• _GOAL OF THE EXERCISE_
Please write out only the lines from the line with "Rood - freundlich, aufgeschlossen" to the line with "Buying The New Lusitano - Star Stable Online", inclusive, exactly as they stand below, without the pictures.

• _WORKING DATA_
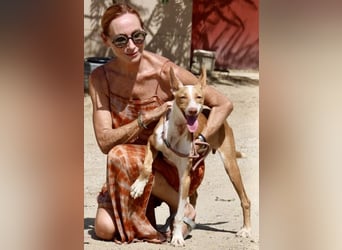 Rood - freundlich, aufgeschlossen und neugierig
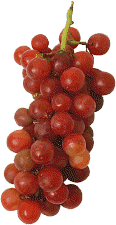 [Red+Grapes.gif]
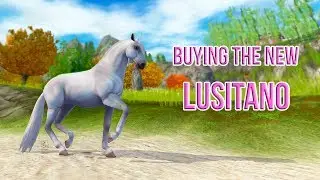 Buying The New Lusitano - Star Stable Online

--

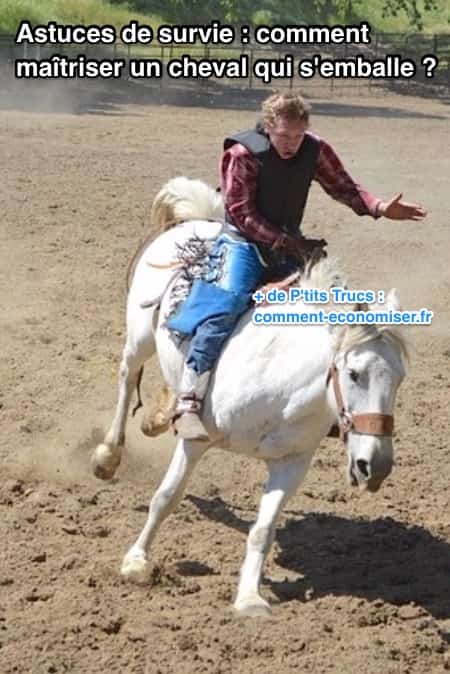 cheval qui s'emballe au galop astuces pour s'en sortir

* * *

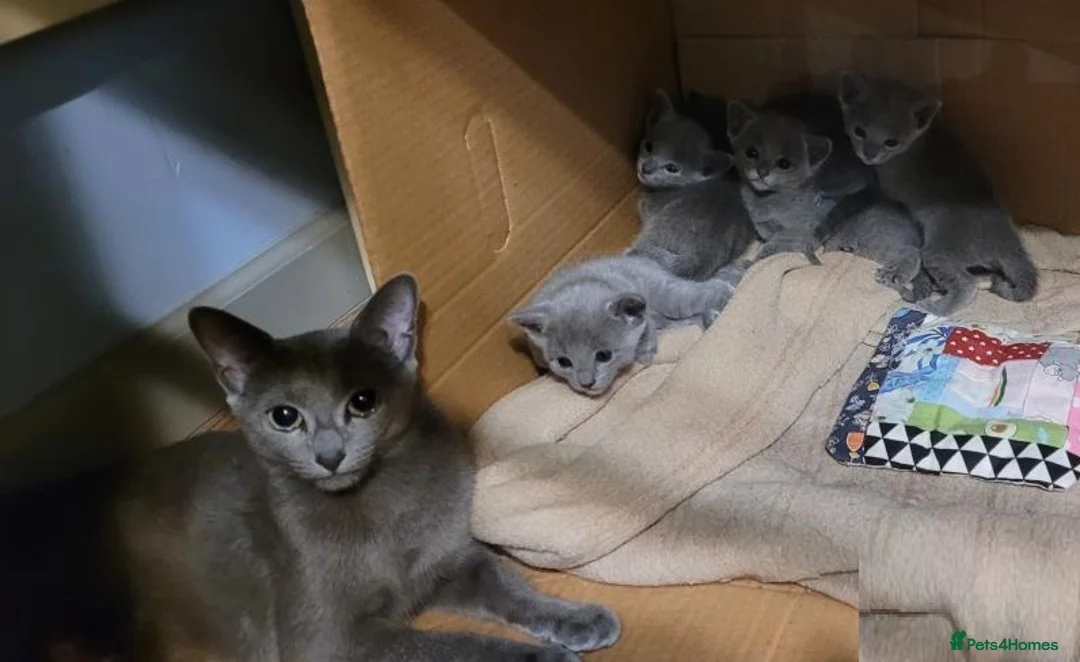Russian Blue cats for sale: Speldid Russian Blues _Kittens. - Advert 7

• _RESULT OF THE EXERCISE_
 Rood - freundlich, aufgeschlossen und neugierig
 [Red+Grapes.gif]
 Buying The New Lusitano - Star Stable Online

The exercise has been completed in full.